Posted on the 03 August 2011 by Periscope @periscopepost
Are David Cameron’s defence cuts ‘failing the military?’ The Defence Select Committee suggests so

Royal Navy Sea Harrier jump jet. Photo credit: Free Foto

It is well-documented that many amongst the military top brass feel the Libyan intervention is a real stretch on resources given the coalition cuts ushered in by last autumn’s Strategic Defence and Security Review. The report released today argued that the Armed Forces may not be able to carry out all that is asked of them after 2015 as a result of the cuts. In a direct blow to Cameron, the committee said it rejected the Prime Minister’s assurance that Britain retained a “full spectrum” defence capability, noted Politics Home, which flagged up Committee Chair James Arbuthnot comment that there were “real worries” that cuts jeopardise Britain’s international influence, and claimed that Coalition plans were not in line with promises made in opposition to “bring our resources in line with our commitments.”

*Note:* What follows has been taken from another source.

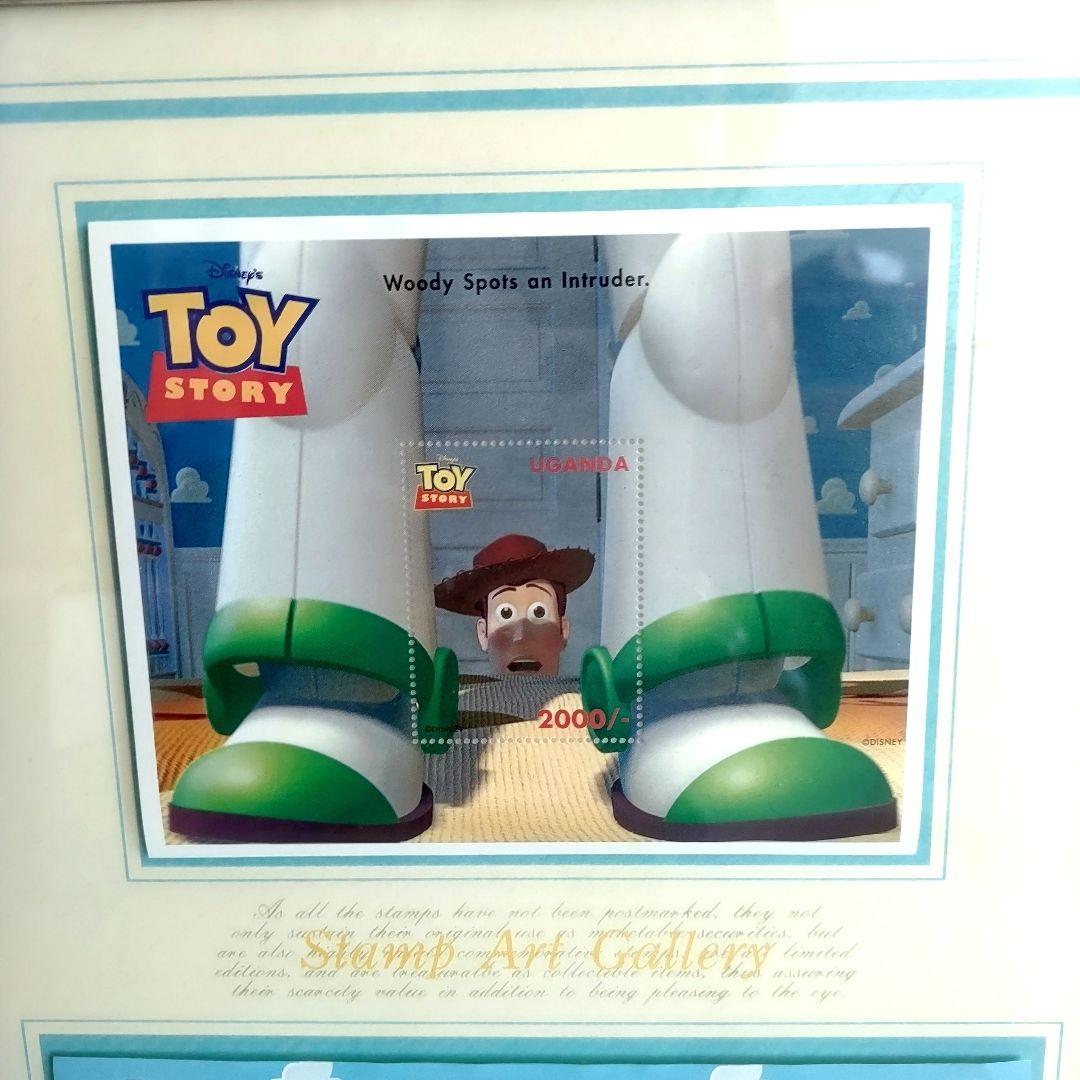 ◼️トイストーリー◼️スタンプアートギャラリー コレクション説明書木製額　美術品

  • “Cuts have left our troops with mission impossible in Libya and Afghanistan,” warned Thomas Harding, Defence Correspondent, The Daily Telegraph, who mulled the findings of the “critical” report. Harding spelled out how hard the cuts have hit the Ministry of Defence. He noted that the Navy has lost its aircraft carriers and Harrier jump jets, the RAF has seen Nimrod reconnaissance aircraft and jets cut and that both services will suffer 5,000 personnel cuts each. “The MPs are deeply critical of the decision to fight in Libya while weakening the Forces,” reported Harding.

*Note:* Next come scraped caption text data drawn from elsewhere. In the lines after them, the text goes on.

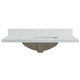 Vinnova 706337-CTP-GW Jaen 37" W x 22" D Composite Stone Vanity Top in Grain White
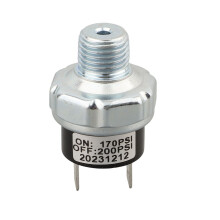 Pressure Switch Carbon Steel 170-200 PSI 12V DC
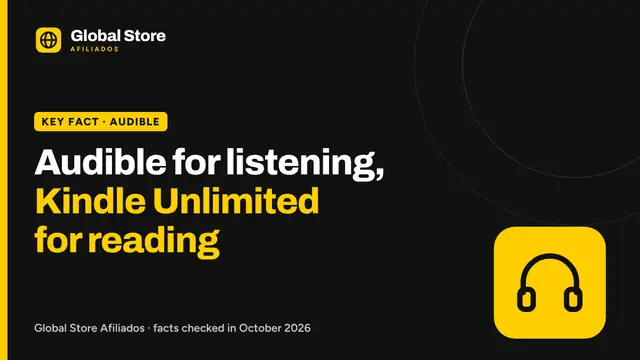Audible for listening, Kindle Unlimited for reading. Key fact from the guide “Audible or Kindle Unlimited”.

“The Government appears to believe that the UK can maintain its influence while reducing spending,” said the report. “We do not agree.”

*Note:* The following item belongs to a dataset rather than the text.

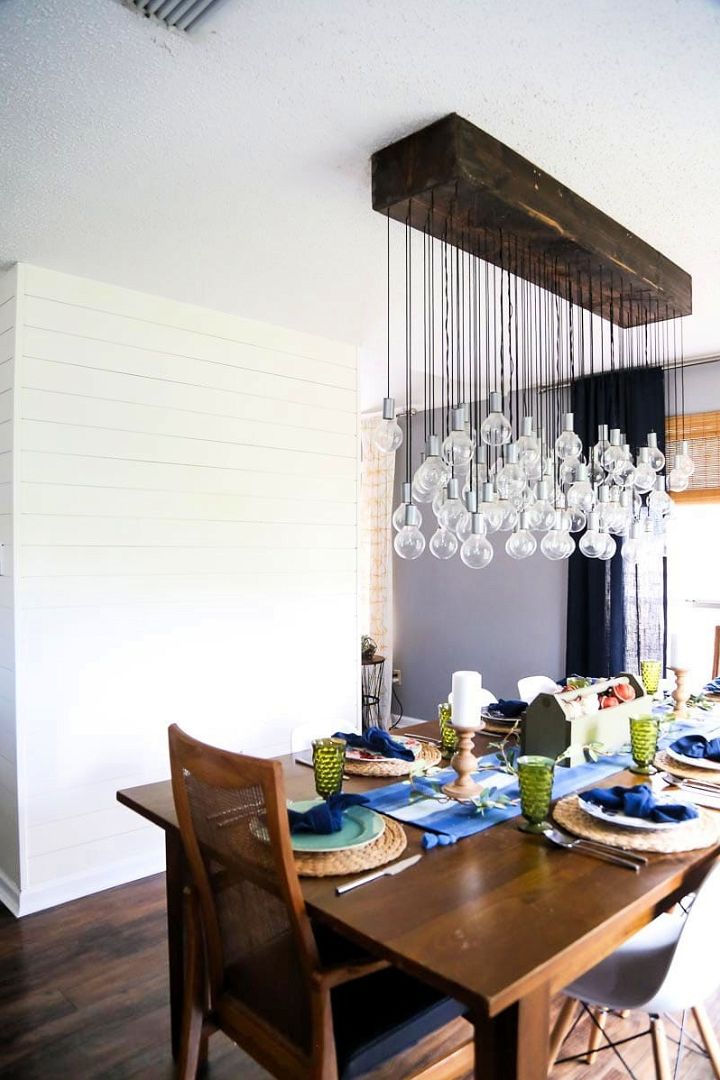 DIY Multi Bulb Dining Room Chandelier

  • We can’t run the MoD on the cheap. Writing at the influential ConservativeHome blog, John Glen, Tory MP for Salisbury and a member of the Defence Select Committee, said, “we found that without significant investment in the spending period after 2014 the UK’s Armed Forces will not be able to do what is asked of them in the second half of this decade.” He reported that during the evidence sessions “single service chiefs were prepared to contradict the Prime Minister’s view that the UK still has a full spectrum defence capability.” Seemingly alluding to the Libyan intervention, Glen wrote, “it seems unreasonable to enter into new enterprises without calculating the cost and true wider impact. We can’t run the MoD on the cheap if we want to maintain the influence of the UK in the world.”